From: mash@mash.engr.sgi.com (John R. Mashey)
Newsgroups: comp.arch
Subject: Re: Dynamic Recompilation (was Re: what's self-modifying code?)
Date: 1 Sep 1995 20:44:42 GMT
Organization: Silicon Graphics, Inc.

In article <421cp3$nvl@gap.cco.caltech.edu>,
toddpw@mince.ugcs.caltech.edu (Todd P. Whitesel) writes:

|> However, disallowing self-modifying code prohibits those high-performance
|> emulators that dynamically recompile code so it can be executed directly
|> instead of interpretively simulated.

|> Or would they? Is this technology important enough to warrant architectural
|> pain and suffering? Are there "good" ways that architectures can support it?

Following assumes a long-lived general-purpose architecture, with
mtuliple implementations at the same time and over time, reprogrammable,
and with efficient upward compatibility strongly desirable.
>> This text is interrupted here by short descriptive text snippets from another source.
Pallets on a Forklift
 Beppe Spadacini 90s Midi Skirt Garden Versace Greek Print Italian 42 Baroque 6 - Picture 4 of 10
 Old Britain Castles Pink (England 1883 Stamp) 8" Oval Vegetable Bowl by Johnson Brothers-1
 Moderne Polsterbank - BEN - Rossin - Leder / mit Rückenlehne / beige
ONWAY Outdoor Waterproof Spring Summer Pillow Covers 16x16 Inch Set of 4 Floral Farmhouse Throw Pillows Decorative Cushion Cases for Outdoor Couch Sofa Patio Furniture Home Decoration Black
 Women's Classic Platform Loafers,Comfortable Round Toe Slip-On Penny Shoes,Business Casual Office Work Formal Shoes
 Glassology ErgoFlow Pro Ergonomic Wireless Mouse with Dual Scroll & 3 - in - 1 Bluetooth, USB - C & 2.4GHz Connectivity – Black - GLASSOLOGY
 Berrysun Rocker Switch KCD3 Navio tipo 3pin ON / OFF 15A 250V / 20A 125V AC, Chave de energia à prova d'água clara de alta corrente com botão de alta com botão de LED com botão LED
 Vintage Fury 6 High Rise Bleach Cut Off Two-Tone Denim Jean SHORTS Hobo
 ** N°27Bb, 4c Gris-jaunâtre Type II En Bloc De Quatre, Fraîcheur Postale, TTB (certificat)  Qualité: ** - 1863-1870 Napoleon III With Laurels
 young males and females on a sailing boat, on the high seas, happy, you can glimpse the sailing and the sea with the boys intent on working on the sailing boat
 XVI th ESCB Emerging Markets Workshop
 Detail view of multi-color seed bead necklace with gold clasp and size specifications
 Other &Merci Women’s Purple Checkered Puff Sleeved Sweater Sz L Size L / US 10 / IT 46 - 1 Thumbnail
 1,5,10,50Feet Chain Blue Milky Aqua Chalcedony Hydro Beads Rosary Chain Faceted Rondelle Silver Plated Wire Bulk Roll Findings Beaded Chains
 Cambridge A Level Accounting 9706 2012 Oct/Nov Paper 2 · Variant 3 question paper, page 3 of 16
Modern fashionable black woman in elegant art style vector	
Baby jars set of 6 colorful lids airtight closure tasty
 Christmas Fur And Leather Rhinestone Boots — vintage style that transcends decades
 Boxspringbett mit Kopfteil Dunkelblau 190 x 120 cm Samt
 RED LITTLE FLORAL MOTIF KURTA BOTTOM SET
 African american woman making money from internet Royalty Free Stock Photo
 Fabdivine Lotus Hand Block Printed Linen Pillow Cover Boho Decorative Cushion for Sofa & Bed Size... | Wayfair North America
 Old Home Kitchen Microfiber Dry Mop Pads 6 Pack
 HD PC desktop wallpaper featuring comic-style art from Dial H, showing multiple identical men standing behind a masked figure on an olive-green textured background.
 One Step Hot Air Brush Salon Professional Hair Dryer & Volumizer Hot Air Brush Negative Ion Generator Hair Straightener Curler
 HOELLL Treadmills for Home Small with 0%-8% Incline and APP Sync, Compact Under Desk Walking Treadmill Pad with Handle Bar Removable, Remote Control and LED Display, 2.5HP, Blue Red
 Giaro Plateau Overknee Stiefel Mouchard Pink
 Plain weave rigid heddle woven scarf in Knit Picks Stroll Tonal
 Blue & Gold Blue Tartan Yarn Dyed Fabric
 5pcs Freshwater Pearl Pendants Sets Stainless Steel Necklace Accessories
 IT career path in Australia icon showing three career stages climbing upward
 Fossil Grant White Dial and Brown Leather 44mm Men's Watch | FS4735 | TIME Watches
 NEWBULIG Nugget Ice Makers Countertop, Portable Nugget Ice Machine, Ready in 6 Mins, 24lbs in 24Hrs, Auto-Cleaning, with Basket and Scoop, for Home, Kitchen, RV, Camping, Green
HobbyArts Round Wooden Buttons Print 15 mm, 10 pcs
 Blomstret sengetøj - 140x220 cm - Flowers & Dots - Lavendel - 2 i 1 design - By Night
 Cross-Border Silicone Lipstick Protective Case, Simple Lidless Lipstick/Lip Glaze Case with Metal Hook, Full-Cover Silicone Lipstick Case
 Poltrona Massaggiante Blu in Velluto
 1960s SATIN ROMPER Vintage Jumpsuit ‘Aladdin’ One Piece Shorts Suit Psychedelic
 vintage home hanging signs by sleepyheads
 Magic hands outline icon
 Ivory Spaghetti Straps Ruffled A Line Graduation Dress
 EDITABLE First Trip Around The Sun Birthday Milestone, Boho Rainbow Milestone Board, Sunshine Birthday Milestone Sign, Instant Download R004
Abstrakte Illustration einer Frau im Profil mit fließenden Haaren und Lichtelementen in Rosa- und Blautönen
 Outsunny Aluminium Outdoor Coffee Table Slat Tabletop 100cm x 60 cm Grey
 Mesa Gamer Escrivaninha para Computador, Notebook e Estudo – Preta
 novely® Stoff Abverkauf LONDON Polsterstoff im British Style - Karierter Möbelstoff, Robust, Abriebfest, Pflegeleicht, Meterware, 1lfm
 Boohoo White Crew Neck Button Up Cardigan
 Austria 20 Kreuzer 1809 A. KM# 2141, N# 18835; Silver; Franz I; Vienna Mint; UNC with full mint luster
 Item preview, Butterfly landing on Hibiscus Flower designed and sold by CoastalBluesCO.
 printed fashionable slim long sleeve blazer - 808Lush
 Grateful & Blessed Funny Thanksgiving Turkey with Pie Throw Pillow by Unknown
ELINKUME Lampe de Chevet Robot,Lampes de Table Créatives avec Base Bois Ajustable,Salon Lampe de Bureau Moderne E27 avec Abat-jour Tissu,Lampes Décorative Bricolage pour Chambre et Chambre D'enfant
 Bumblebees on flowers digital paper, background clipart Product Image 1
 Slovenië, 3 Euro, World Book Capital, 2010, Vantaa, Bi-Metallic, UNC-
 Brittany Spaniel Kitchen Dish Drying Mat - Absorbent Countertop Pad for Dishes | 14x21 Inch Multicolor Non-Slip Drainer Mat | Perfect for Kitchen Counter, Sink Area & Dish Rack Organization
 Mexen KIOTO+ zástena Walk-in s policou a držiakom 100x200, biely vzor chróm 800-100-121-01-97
1) If you start with a simple sequential design and no caches, you can
have "store into next instruction" work with no cost.  (On S/360s, I
once wrote code that kept some flags as branch-condition-mask fields
inside branch instructions, and just changed them from branch-always to
nops, or back.)

If you ever allowed code like this, you'll support it for a long time.
It is quite possible to support it, but it may:
	a) Restrict the range of micro-archiectures & cache hierarchies
	b) Or may have serious hardware costs.
	c) and some cases may surprise you.

Maybe folks who've designed IBM or Amdahl mainframes might comment,
since they've had high-performance designs for years that do handle
this problem.

2) But, it may have serious implications on later designs that you do.

3) Therefore, it is *really* a good idea, from day one, to provide a
user-level API for a) flushing I-cache, or b) saying that a region of
memory that was instructions or data is now over-written with new
instructions, etc ...
It may be that:
	a) The API invokes simple user-level code.
	b) The API sometimes invokes system calls.
It is a good idea if the API is something implemented with dynamic shared
libraries, not bound into the binaries, since it may be different on
different machines.  It is really important that the operating systrem be
able to find out that the user code is doing this, if neeeded.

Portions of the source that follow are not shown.